**DIRECTIONS FOR THIS TASK**
Retype the data below in full, keeping every character as it is.

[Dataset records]

================

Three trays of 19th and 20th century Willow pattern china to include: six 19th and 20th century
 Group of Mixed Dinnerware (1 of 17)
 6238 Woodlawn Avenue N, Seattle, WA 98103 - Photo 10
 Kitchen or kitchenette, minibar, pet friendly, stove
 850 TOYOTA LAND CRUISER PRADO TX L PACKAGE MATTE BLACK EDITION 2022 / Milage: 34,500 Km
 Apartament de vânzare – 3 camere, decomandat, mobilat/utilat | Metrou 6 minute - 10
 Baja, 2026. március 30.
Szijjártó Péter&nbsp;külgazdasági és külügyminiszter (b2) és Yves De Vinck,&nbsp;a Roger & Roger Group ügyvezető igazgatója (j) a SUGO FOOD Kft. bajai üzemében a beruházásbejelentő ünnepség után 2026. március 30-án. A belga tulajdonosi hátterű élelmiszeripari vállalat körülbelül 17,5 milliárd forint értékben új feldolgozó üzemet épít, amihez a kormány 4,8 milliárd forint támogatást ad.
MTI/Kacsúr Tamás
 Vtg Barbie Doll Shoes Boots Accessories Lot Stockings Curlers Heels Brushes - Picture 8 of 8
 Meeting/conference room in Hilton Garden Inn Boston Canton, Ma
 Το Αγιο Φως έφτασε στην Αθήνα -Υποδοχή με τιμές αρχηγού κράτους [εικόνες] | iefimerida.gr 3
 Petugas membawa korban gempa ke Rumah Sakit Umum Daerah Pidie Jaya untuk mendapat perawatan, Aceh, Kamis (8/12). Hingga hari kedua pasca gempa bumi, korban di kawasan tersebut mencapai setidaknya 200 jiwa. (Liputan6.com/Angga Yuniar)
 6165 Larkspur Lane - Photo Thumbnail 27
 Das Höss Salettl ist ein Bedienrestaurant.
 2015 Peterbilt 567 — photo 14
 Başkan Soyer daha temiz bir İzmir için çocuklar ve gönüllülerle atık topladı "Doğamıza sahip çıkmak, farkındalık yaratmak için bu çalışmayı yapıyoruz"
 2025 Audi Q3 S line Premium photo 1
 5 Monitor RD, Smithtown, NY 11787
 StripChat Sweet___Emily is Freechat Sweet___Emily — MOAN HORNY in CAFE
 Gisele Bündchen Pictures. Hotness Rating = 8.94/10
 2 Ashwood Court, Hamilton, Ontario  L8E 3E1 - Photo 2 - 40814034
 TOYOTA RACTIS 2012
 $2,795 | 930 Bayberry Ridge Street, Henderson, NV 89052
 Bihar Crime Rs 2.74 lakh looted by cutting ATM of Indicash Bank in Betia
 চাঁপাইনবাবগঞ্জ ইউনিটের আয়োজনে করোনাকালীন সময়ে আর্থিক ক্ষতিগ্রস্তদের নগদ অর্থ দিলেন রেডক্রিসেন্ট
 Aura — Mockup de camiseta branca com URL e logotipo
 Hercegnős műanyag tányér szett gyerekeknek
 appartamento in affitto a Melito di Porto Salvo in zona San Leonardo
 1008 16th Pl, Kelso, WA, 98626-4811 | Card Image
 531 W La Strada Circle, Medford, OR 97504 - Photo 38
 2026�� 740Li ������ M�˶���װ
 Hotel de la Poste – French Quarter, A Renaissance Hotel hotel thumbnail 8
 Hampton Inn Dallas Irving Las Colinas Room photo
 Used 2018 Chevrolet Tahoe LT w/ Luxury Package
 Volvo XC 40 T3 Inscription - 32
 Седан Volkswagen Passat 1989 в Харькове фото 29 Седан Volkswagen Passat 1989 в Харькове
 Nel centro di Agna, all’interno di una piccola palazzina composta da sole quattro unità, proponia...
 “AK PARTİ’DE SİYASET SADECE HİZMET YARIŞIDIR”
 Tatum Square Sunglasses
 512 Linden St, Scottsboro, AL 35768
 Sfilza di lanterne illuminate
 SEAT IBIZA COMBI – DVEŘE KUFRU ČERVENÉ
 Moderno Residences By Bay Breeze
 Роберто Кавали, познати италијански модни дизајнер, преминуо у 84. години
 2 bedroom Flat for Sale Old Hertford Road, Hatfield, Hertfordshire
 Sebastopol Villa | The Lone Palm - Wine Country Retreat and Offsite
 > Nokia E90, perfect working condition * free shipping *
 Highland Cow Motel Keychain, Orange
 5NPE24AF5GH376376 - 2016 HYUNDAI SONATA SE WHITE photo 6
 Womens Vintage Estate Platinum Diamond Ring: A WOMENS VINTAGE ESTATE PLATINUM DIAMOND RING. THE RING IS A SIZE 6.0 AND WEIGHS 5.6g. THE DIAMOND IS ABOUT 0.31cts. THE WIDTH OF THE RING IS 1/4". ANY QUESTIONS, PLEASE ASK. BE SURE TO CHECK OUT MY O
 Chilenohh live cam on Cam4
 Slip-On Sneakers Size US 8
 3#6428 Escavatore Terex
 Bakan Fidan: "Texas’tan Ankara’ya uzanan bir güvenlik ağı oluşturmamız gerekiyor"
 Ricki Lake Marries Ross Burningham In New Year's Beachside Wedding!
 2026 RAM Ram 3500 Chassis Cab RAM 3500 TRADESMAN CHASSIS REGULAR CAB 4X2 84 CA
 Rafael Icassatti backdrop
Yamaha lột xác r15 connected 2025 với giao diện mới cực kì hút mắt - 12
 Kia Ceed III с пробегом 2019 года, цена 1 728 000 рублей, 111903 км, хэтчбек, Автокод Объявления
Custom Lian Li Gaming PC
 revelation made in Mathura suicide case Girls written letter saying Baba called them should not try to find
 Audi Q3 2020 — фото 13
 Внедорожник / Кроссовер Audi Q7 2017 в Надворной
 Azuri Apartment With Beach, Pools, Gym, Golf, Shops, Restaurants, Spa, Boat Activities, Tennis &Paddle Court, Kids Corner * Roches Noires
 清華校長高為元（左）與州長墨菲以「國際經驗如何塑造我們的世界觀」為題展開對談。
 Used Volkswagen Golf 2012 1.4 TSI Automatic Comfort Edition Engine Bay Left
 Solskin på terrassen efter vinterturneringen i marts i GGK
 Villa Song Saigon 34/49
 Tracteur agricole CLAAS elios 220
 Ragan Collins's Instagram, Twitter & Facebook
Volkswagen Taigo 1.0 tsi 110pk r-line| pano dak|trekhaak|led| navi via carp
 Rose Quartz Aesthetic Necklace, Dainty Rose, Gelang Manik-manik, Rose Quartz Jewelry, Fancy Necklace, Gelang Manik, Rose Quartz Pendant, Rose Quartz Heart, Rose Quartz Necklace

================

**RESPONSE TO THE EXERCISE**
Three trays of 19th and 20th century Willow pattern china to include: six 19th and 20th century
 Group of Mixed Dinnerware (1 of 17)
 6238 Woodlawn Avenue N, Seattle, WA 98103 - Photo 10
 Kitchen or kitchenette, minibar, pet friendly, stove
 850 TOYOTA LAND CRUISER PRADO TX L PACKAGE MATTE BLACK EDITION 2022 / Milage: 34,500 Km
 Apartament de vânzare – 3 camere, decomandat, mobilat/utilat | Metrou 6 minute - 10
 Baja, 2026. március 30.
Szijjártó Péter&nbsp;külgazdasági és külügyminiszter (b2) és Yves De Vinck,&nbsp;a Roger & Roger Group ügyvezető igazgatója (j) a SUGO FOOD Kft. bajai üzemében a beruházásbejelentő ünnepség után 2026. március 30-án. A belga tulajdonosi hátterű élelmiszeripari vállalat körülbelül 17,5 milliárd forint értékben új feldolgozó üzemet épít, amihez a kormány 4,8 milliárd forint támogatást ad.
MTI/Kacsúr Tamás
 Vtg Barbie Doll Shoes Boots Accessories Lot Stockings Curlers Heels Brushes - Picture 8 of 8
 Meeting/conference room in Hilton Garden Inn Boston Canton, Ma
 Το Αγιο Φως έφτασε στην Αθήνα -Υποδοχή με τιμές αρχηγού κράτους [εικόνες] | iefimerida.gr 3
 Petugas membawa korban gempa ke Rumah Sakit Umum Daerah Pidie Jaya untuk mendapat perawatan, Aceh, Kamis (8/12). Hingga hari kedua pasca gempa bumi, korban di kawasan tersebut mencapai setidaknya 200 jiwa. (Liputan6.com/Angga Yuniar)
 6165 Larkspur Lane - Photo Thumbnail 27
 Das Höss Salettl ist ein Bedienrestaurant.
 2015 Peterbilt 567 — photo 14
 Başkan Soyer daha temiz bir İzmir için çocuklar ve gönüllülerle atık topladı "Doğamıza sahip çıkmak, farkındalık yaratmak için bu çalışmayı yapıyoruz"
 2025 Audi Q3 S line Premium photo 1
 5 Monitor RD, Smithtown, NY 11787
 StripChat Sweet___Emily is Freechat Sweet___Emily — MOAN HORNY in CAFE
 Gisele Bündchen Pictures. Hotness Rating = 8.94/10
 2 Ashwood Court, Hamilton, Ontario  L8E 3E1 - Photo 2 - 40814034
 TOYOTA RACTIS 2012
 $2,795 | 930 Bayberry Ridge Street, Henderson, NV 89052
 Bihar Crime Rs 2.74 lakh looted by cutting ATM of Indicash Bank in Betia
 চাঁপাইনবাবগঞ্জ ইউনিটের আয়োজনে করোনাকালীন সময়ে আর্থিক ক্ষতিগ্রস্তদের নগদ অর্থ দিলেন রেডক্রিসেন্ট
 Aura — Mockup de camiseta branca com URL e logotipo
 Hercegnős műanyag tányér szett gyerekeknek
 appartamento in affitto a Melito di Porto Salvo in zona San Leonardo
 1008 16th Pl, Kelso, WA, 98626-4811 | Card Image
 531 W La Strada Circle, Medford, OR 97504 - Photo 38
 2026�� 740Li ������ M�˶���װ
 Hotel de la Poste – French Quarter, A Renaissance Hotel hotel thumbnail 8
 Hampton Inn Dallas Irving Las Colinas Room photo
 Used 2018 Chevrolet Tahoe LT w/ Luxury Package
 Volvo XC 40 T3 Inscription - 32
 Седан Volkswagen Passat 1989 в Харькове фото 29 Седан Volkswagen Passat 1989 в Харькове
 Nel centro di Agna, all’interno di una piccola palazzina composta da sole quattro unità, proponia...
 “AK PARTİ’DE SİYASET SADECE HİZMET YARIŞIDIR”
 Tatum Square Sunglasses
 512 Linden St, Scottsboro, AL 35768
 Sfilza di lanterne illuminate
 SEAT IBIZA COMBI – DVEŘE KUFRU ČERVENÉ
 Moderno Residences By Bay Breeze
 Роберто Кавали, познати италијански модни дизајнер, преминуо у 84. години
 2 bedroom Flat for Sale Old Hertford Road, Hatfield, Hertfordshire
 Sebastopol Villa | The Lone Palm - Wine Country Retreat and Offsite
 > Nokia E90, perfect working condition * free shipping *
 Highland Cow Motel Keychain, Orange
 5NPE24AF5GH376376 - 2016 HYUNDAI SONATA SE WHITE photo 6
 Womens Vintage Estate Platinum Diamond Ring: A WOMENS VINTAGE ESTATE PLATINUM DIAMOND RING. THE RING IS A SIZE 6.0 AND WEIGHS 5.6g. THE DIAMOND IS ABOUT 0.31cts. THE WIDTH OF THE RING IS 1/4". ANY QUESTIONS, PLEASE ASK. BE SURE TO CHECK OUT MY O
 Chilenohh live cam on Cam4
 Slip-On Sneakers Size US 8
 3#6428 Escavatore Terex
 Bakan Fidan: "Texas’tan Ankara’ya uzanan bir güvenlik ağı oluşturmamız gerekiyor"
 Ricki Lake Marries Ross Burningham In New Year's Beachside Wedding!
 2026 RAM Ram 3500 Chassis Cab RAM 3500 TRADESMAN CHASSIS REGULAR CAB 4X2 84 CA
 Rafael Icassatti backdrop
Yamaha lột xác r15 connected 2025 với giao diện mới cực kì hút mắt - 12
 Kia Ceed III с пробегом 2019 года, цена 1 728 000 рублей, 111903 км, хэтчбек, Автокод Объявления
Custom Lian Li Gaming PC
 revelation made in Mathura suicide case Girls written letter saying Baba called them should not try to find
 Audi Q3 2020 — фото 13
 Внедорожник / Кроссовер Audi Q7 2017 в Надворной
 Azuri Apartment With Beach, Pools, Gym, Golf, Shops, Restaurants, Spa, Boat Activities, Tennis &Paddle Court, Kids Corner * Roches Noires
 清華校長高為元（左）與州長墨菲以「國際經驗如何塑造我們的世界觀」為題展開對談。
 Used Volkswagen Golf 2012 1.4 TSI Automatic Comfort Edition Engine Bay Left
 Solskin på terrassen efter vinterturneringen i marts i GGK
 Villa Song Saigon 34/49
 Tracteur agricole CLAAS elios 220
 Ragan Collins's Instagram, Twitter & Facebook
Volkswagen Taigo 1.0 tsi 110pk r-line| pano dak|trekhaak|led| navi via carp
 Rose Quartz Aesthetic Necklace, Dainty Rose, Gelang Manik-manik, Rose Quartz Jewelry, Fancy Necklace, Gelang Manik, Rose Quartz Pendant, Rose Quartz Heart, Rose Quartz Necklace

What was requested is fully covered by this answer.